"The small-displacement turbos certainly are not the magic bullet in terms of fuel efficiency," said Jake Fisher, director of automotive testing at Consumer Reports. "Their EPA ratings look good on paper, but in our testing, they not only don't perform as marketed, but not as well as conventional powertrains."

GM responded with a statement: "If you have a heavy foot on a turbocharged engine, you're not necessarily going to see a lot of fuel economy benefits. As is generally the case, the improved fuel economy you get is really dependent on how you drive."

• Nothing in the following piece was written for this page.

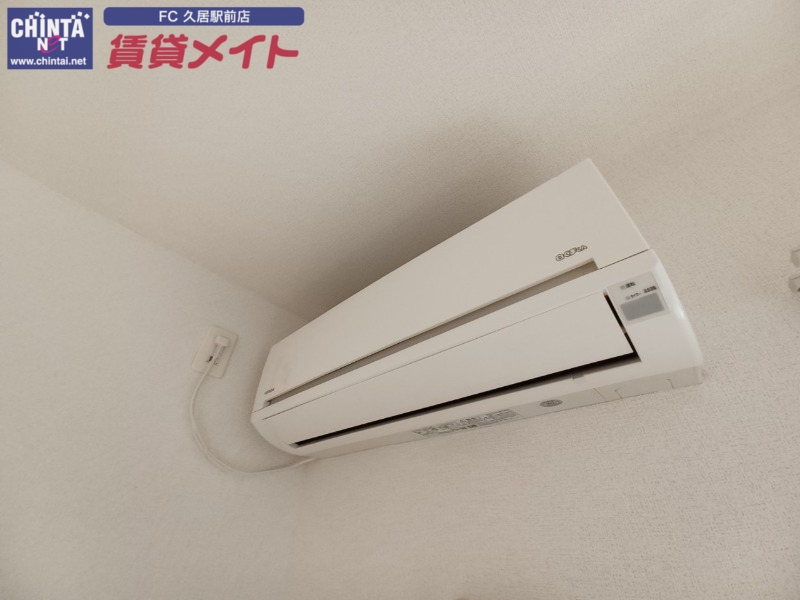 その他設備　同タイプの部屋写真です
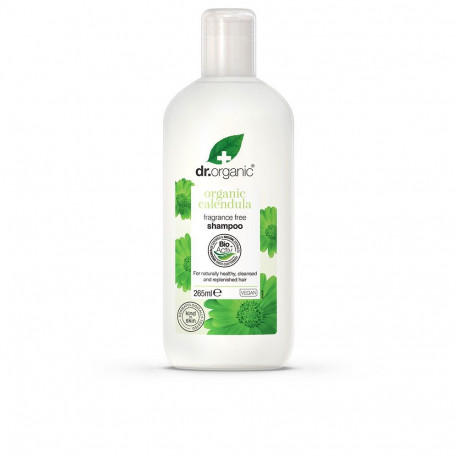 DR. ORGANIC šampoon saialill 265ml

Consumer Reports did not pan every turbo model, noting that the BMW 3 Series it tested recently delivered "both good fuel economy (28 mpg) and acceleration." And it said the 2.0-liter turbo four-cylinder found in Volkswagen and Audi models returns impressive mileage, though the magazine has not tested it against comparable non-turbo competitors.

The cult of turbo

Today's turbo renaissance marks a turnaround from the bad-old days of turbocharging in the 1980s. Back then, the technology became the automotive equivalent of crack cocaine — an intense high followed by self-destruction.

Images of exotic turbocharged sports cars graced the walls of teenagers' bedrooms everywhere, and the word "turbo" embedded itself in the culture as a synonym for fast and cool. It has since been applied willy-nilly to unrelated products such as sunglasses, razors, even tax software.

The reality of owning the turbo cars proved less cool. Turbochargers often blew out before 100,000 miles and damaged engines. Consumers started to see them as disposable vehicles. Resale values fell through the floor.

Driving turbo cars proved an acquired taste because of "turbo lag" — the power didn't kick in until the middle of the rev range, creating a herky-jerky driving dynamic.

"In those old turbo cars, you'd rev up the engine and all of a sudden — bang! — you get the turbo power. For daily drive ability, they were very bad," said Michel of Volkswagen. "On a 180-degree highway ramp, hit the gas at the wrong moment, and you're off the road."

Today's new slate of turbos drive better and appear, at least initially, to have overcome the reliability issues. That's because the technology has been honed — tamed, really — with a combination of other complementary technologies, including engine-management systems that can precisely calibrate air, fuel and spark.

Today's turbocharged cars target an entirely different consumer, GM's Balsley said. "Now we're putting turbos in cars for consumers that may not even know they have a turbo — or care."